| How to complete this task |
The answer should hold only the lines from the one containing "Seems to have" through the one containing "Isn't this a" in the entries below, copied exactly, without pictures.

── Records for the task

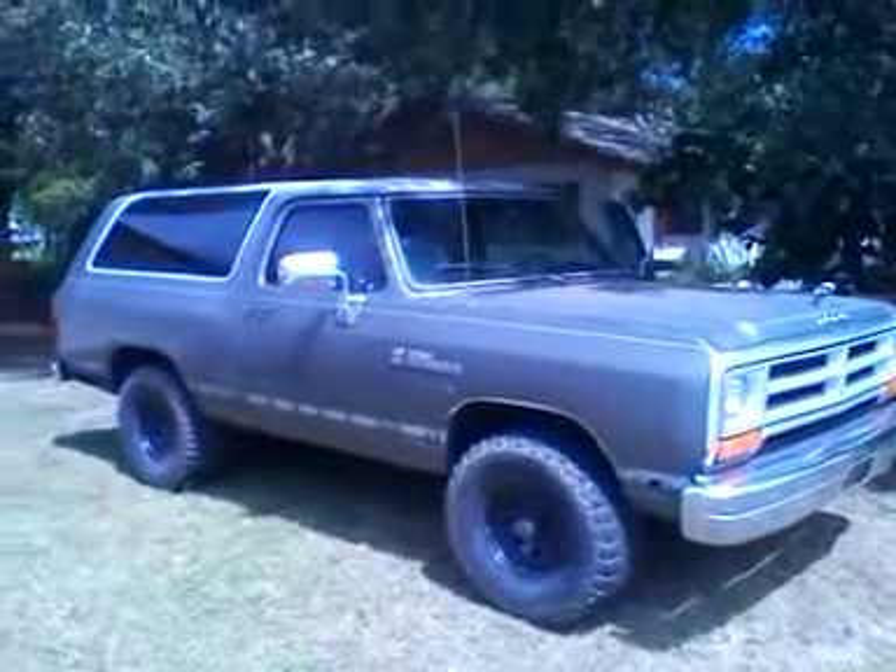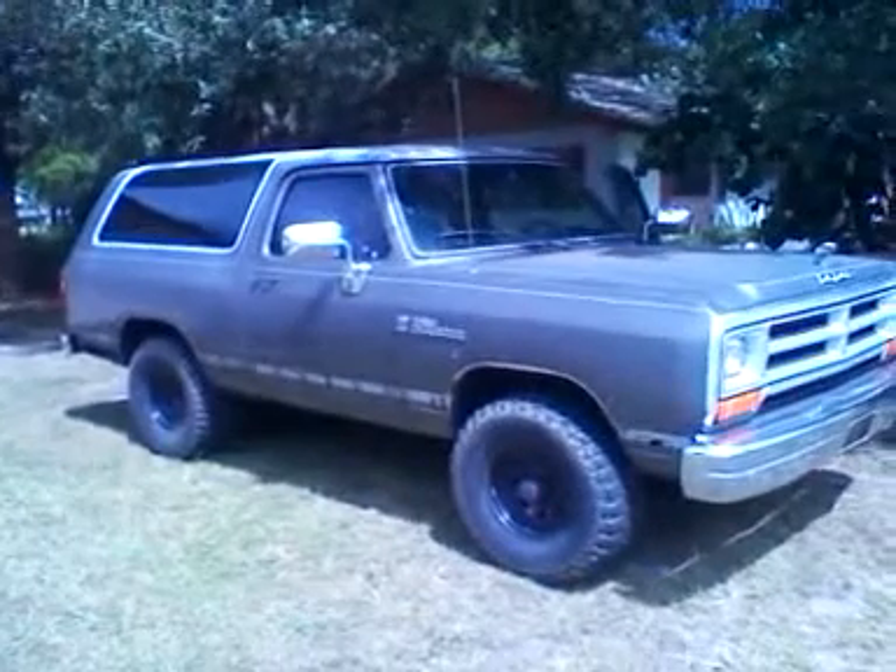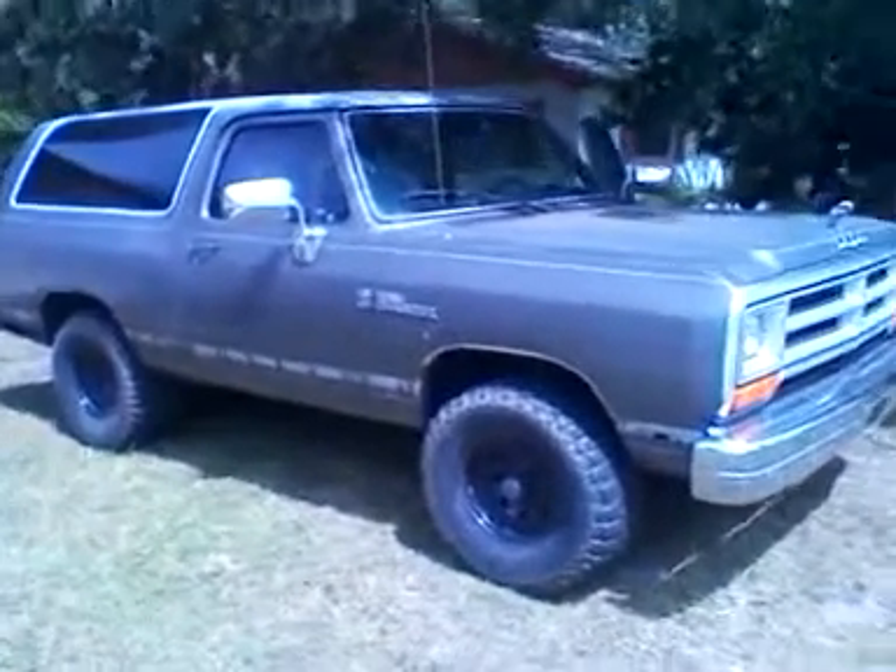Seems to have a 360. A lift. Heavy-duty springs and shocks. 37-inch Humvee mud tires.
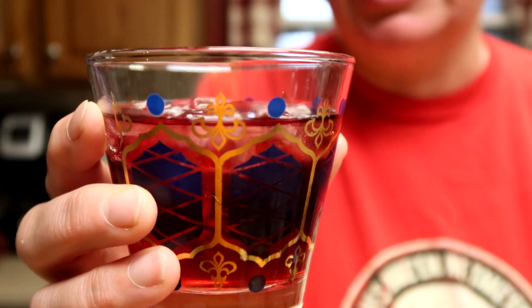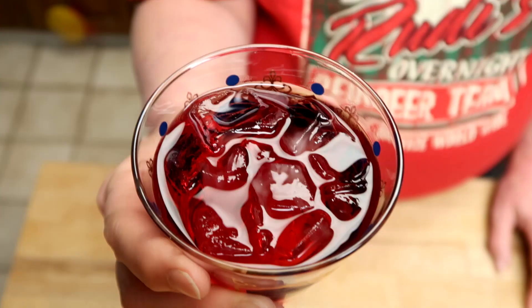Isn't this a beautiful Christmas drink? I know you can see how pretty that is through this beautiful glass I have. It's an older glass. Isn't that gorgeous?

────
── Records for the task

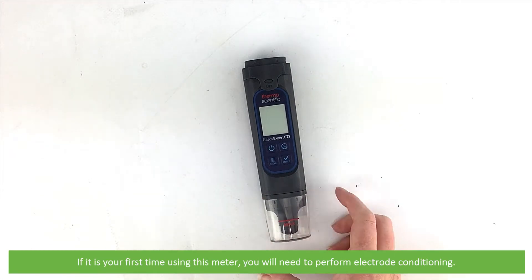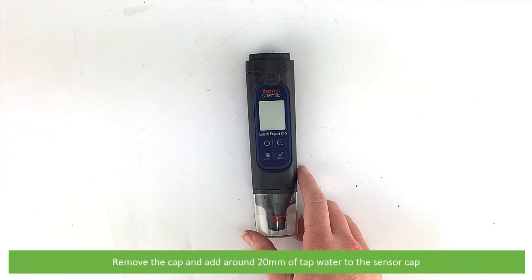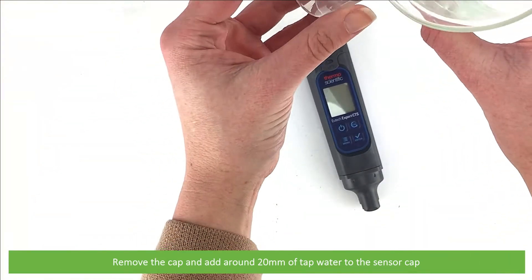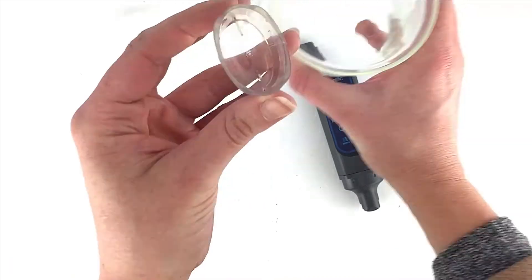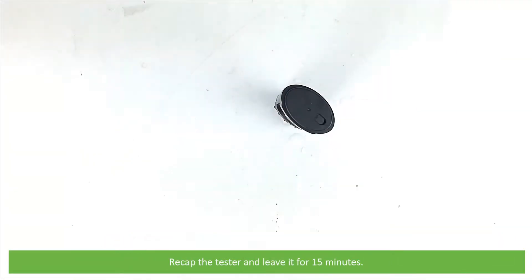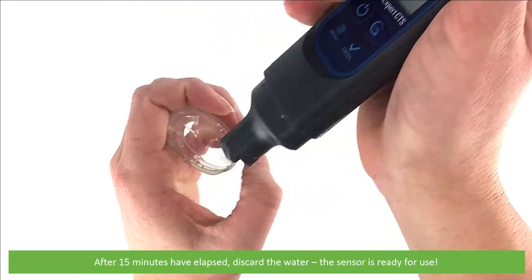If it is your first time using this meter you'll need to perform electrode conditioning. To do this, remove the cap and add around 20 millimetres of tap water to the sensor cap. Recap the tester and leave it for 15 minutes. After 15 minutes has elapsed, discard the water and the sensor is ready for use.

────
── Records for the task

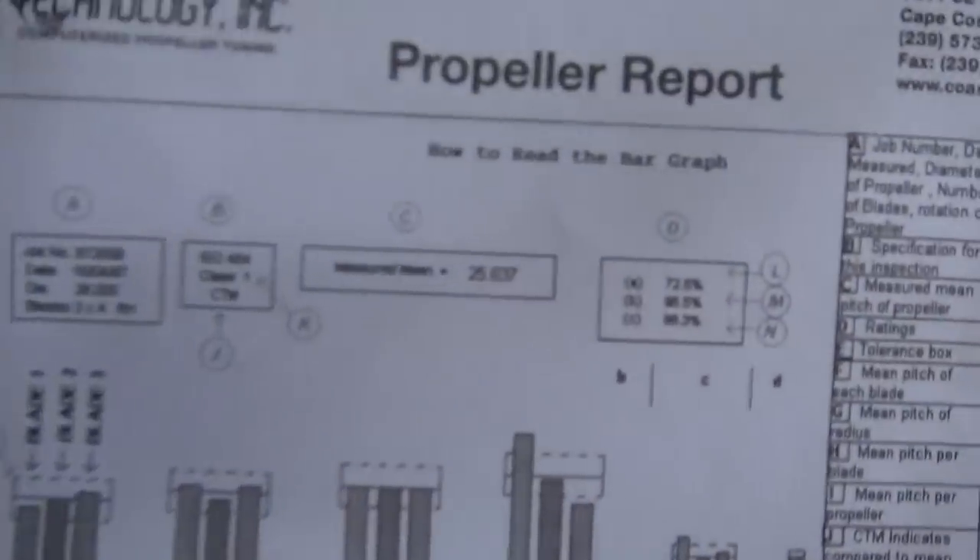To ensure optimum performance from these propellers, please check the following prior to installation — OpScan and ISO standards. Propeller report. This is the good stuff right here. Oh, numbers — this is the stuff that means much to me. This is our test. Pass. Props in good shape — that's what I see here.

────

| Written answer |
Seems to have a 360. A lift. Heavy-duty springs and shocks. 37-inch Humvee mud tires.
Isn't this a beautiful Christmas drink? I know you can see how pretty that is through this beautiful glass I have. It's an older glass. Isn't that gorgeous?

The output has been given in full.